Marlene MacCallum (Corner Brook, Newfoundland and Labrador, Canada)
marlenemaccallum.com

Corner
2013
Hand bound accordion book work with slipcase. The book block structure is held closed into a codex form by sewing across the spine into the end pages. The soft pocket-structure cover is inkjet printed on coated tyvek. The book block was made from fifteen photogravure plates hand printed on somerset paper.
Edition of 14
30 pages
each page spread is 9 7/8 x 9 ¾ inches
10 ¼ x 5 1/8 x 7/8 inches closed (includes slipcase)

Observation and visual interpretation of the private or personal space is the underlying theme in my work. I begin with photographic records made within the oft-overlooked spaces that frame our daily routines. My attention is drawn to instances of incongruity, prompting a sense of the strangely familiar, startling us during our habituated perception of objects and mundane situations.

Having grown up in a suburban housing development, my earliest memory of home is that of living in a space that is reminiscent of my neighbors’ and this remains a persistent fascination. Corner is the final bookwork in a series inspired by living in Corner Brook’s Townsite area on the west coast of Newfoundland. Between 1924-34 the pulp mill built 150 homes to house the mill management and skilled labourers. I have photographed in several Townsite homes, all the same type-4 model as the one I live in, allowing me the rare opportunity to record the evolution of interior aspects of these homes. This project has also been the context to explore the paradoxical phenomena of conformity and individualization that occurs in a company town. Each bookwork from the series explores variations on image memory, multiplicity and sequence as a means to generate the visual equivalence of the underlying theme of the domestic uncanny.

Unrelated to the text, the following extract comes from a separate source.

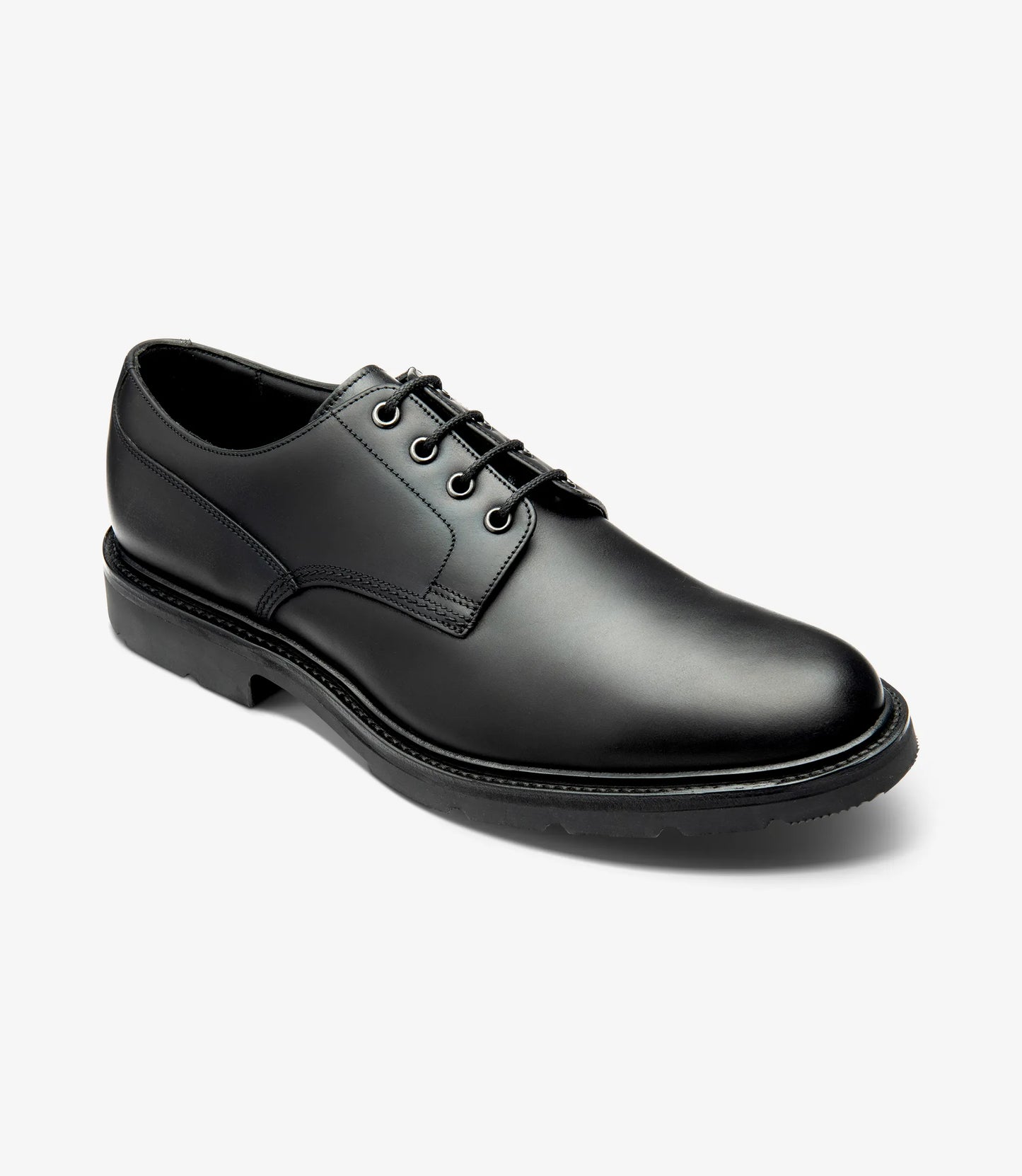 Loake Men's Ryde Waxy Leather Plain-Tie Shoes Black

The experience of Corner begins with the brick shaped slipcase containing the book. Slipping the book out, it rests comfortably within the hand. The images on the cover position the viewer outside the home. Turning to the end pages, the viewer moves inside the personal space. The first spaces are entryways and then the viewer is led deeper into the home; from sparsely furnished entrances the images gradually move us into more densely filled and layered living spaces. The perspective within each echoes the perspective of the book pages. The gutter coincides with the represented corner, creating interplay between the architecture of the book and of the imagery. Each page spread cradles an unoccupied space charged with implied conversations between absent inhabitants.

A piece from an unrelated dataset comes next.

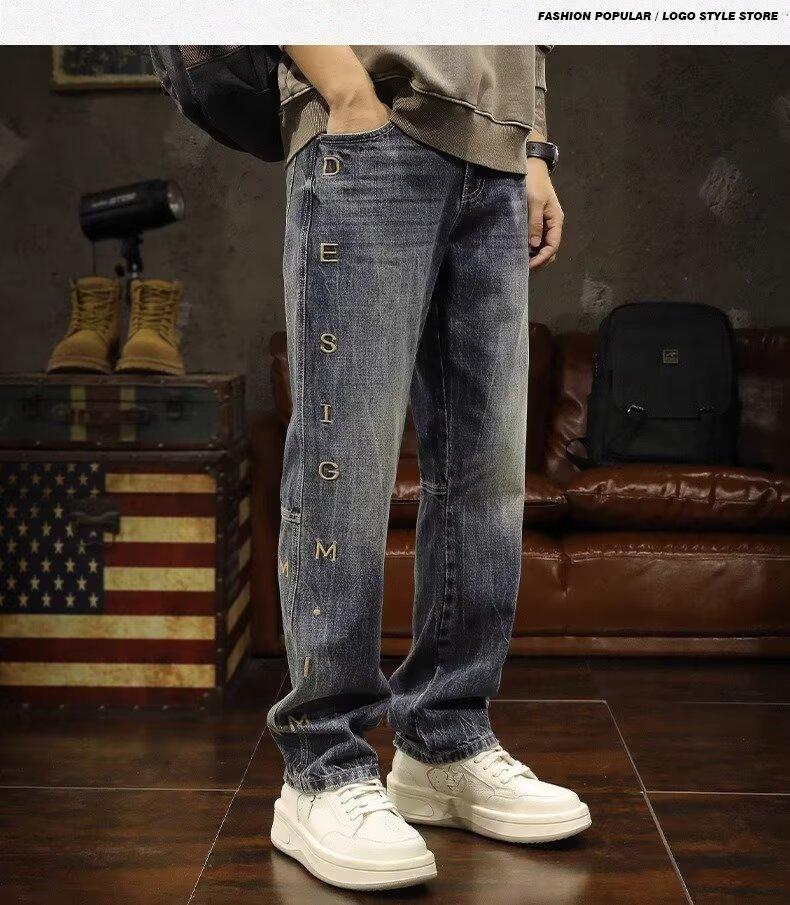 

Мужские джинсы Американский уличный стиль Вышивка букв Широкие Зимние L синий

The book block is loose within the pocket-structure cover allowing the viewer interplay with the interior window imagery nested within the exterior view. The entire book is printed using photogravure. The integration of ink and paper create a tactile and physical presence while simultaneously evoking a state of photographic memory. The images are printed on book weight Somerset paper and are hinged at the fore-edge. The book block is held into a codex structure by sewing the end pages, bridging across the spine. In this way the perspectival illusion of each image and page spread is not interrupted by sewing.